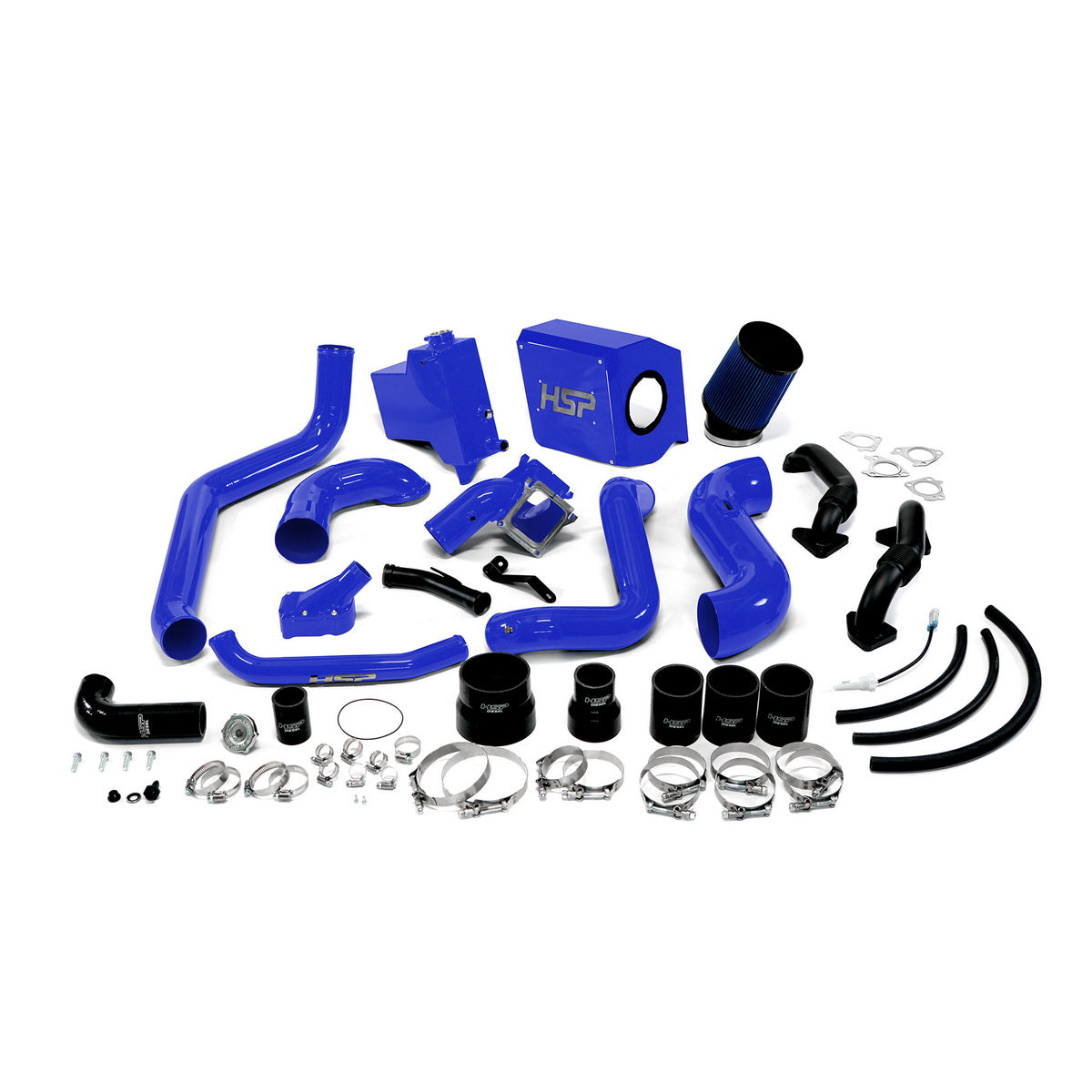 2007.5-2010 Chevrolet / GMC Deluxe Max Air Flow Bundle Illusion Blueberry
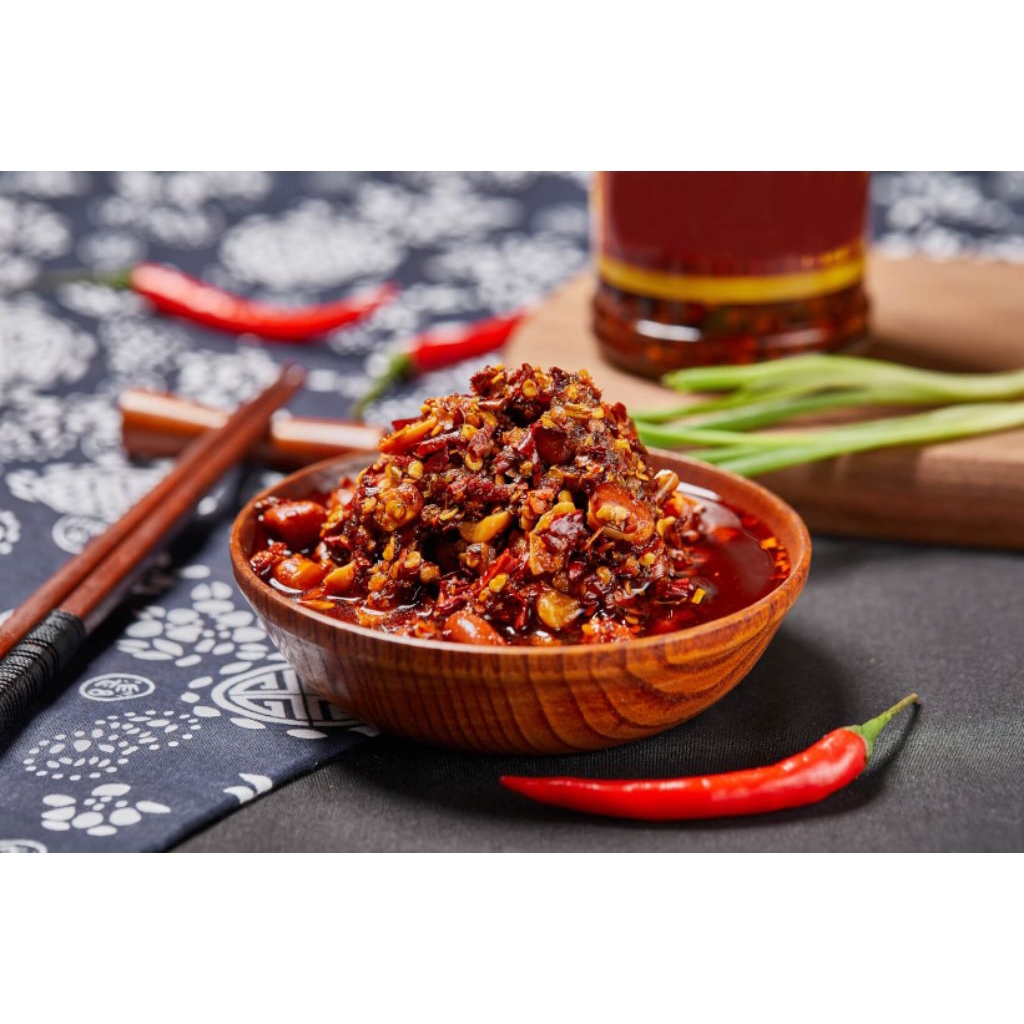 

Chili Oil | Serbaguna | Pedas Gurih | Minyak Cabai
____________________
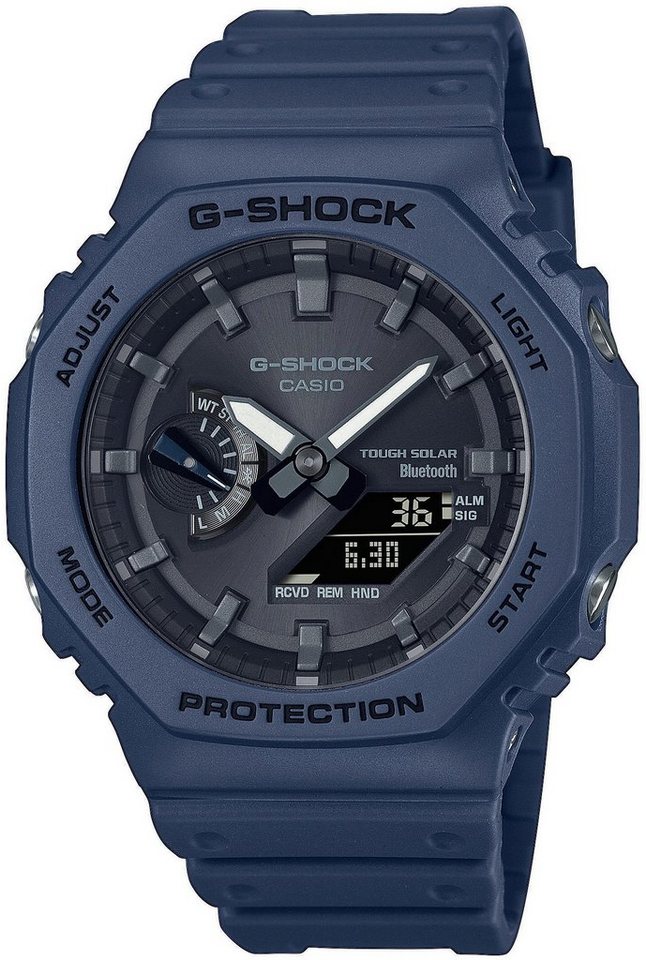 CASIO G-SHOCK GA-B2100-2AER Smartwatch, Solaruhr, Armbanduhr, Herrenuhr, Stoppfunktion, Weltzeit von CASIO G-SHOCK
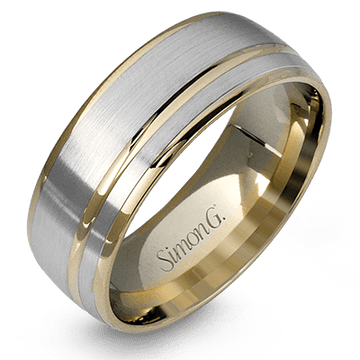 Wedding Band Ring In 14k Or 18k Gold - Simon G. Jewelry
____________________
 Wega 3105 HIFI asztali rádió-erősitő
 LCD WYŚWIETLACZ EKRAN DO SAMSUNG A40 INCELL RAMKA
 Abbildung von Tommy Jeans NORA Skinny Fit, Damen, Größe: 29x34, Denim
____________________
Exercise description
What are the lines, exactly as written above, from the line with "LCD WYŚWIETLACZ EKRAN" to the line with "Abbildung von Tommy", both included? Output only those.

Problem solution
 LCD WYŚWIETLACZ EKRAN DO SAMSUNG A40 INCELL RAMKA
 Abbildung von Tommy Jeans NORA Skinny Fit, Damen, Größe: 29x34, Denim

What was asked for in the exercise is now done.